On American solar deployment, and the tools already sitting in federal law, regulation, prototype, and precedent that would put the pieces together.
America does not need to build more solar — it needs to connect the solar it can already build. The panel stopped being the problem a decade ago. Solar is stuck on connection queues, transformers, and installation cost — and every tool required to fix each of those already exists as a working system, a right in a federal tariff, a rule FERC has issued, a prototype the government built, or a body of law Congress passed for a different object. The work is alignment, not innovation. This paper walks the five fixes, the three that need no new law, and the one that needs an appropriation but not any new authority.
Executive summary, one-page plain-language summary, and five companion papers (The Wire Not the Acre, Thirteen Hundred a Watt, Molecules and Electrons, The Solar Block, Where This Goes) are in editorial review and will be published as they reach the Institute's standard.
A practitioner case memo — the format used elsewhere on the Institute — is written for the CEO and the Board on a live transaction. It is precise, dated, and narrowly targeted.
A working paper is written for a different reader: the agency staffer, the standards body member, the congressional staffer, the journalist, the party who files after you in an open docket, and the reader who wants to see the argument itself rather than the answer to a specific deal question. The tone is more argumentative because the audience needs the argument. The disclosure standard is the same as everywhere else on the Institute: source-cited, honest about scope, and clear about the author's position.
These papers do not cross-sell anything on the site. They are not marketing. They are not a lead into a paid product. They exist because someone should write them, and the Institute is a place that can.
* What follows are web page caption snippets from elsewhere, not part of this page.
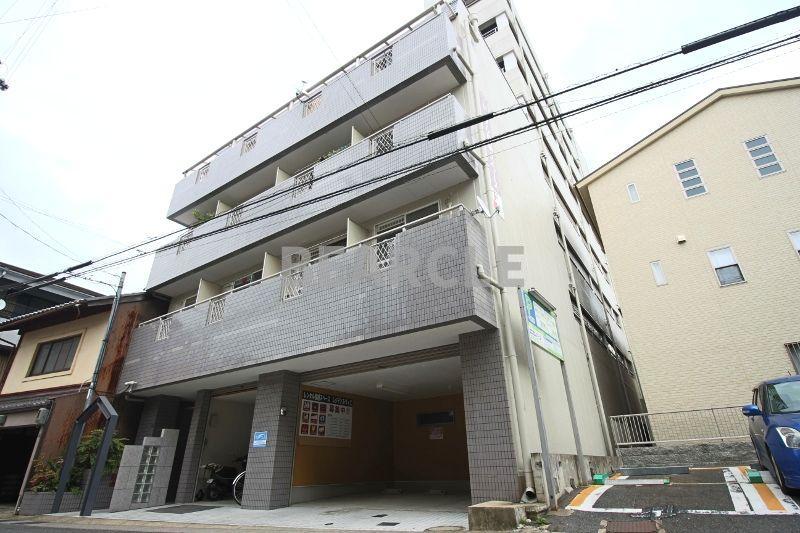 建物外観　外観もきれいです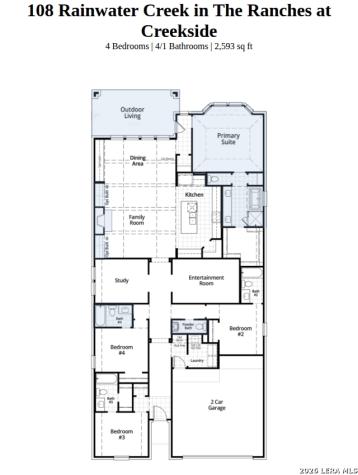 108 Rainwater Creek Boerne TX 78006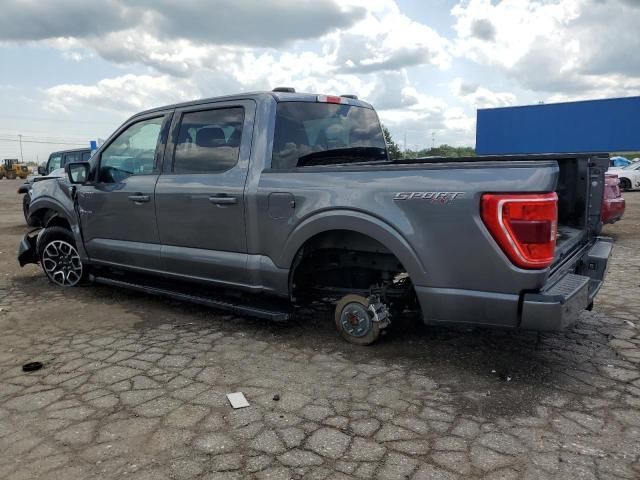 2023 Ford F150 Supercrew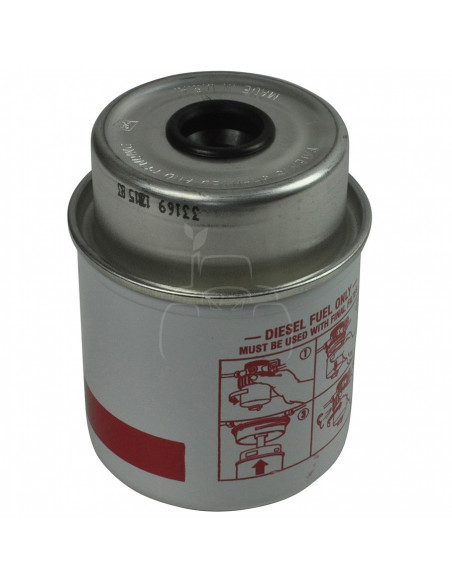 Filtro de combustible 150 µ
These papers are educational and analytical working papers of the Baratelli Institute. If you cite them — in a filing, a rule comment, an academic paper, or a piece of journalism — the recommended format is:
Baratelli, P. A. (2026). The Deployment Plan: How to Scale American Solar. The Baratelli Institute. https://baratelliinstitute.com/policy-discussions.html
Docket filings should verify current status of the underlying rules and dockets referenced. The papers reflect the record as of early July 2026.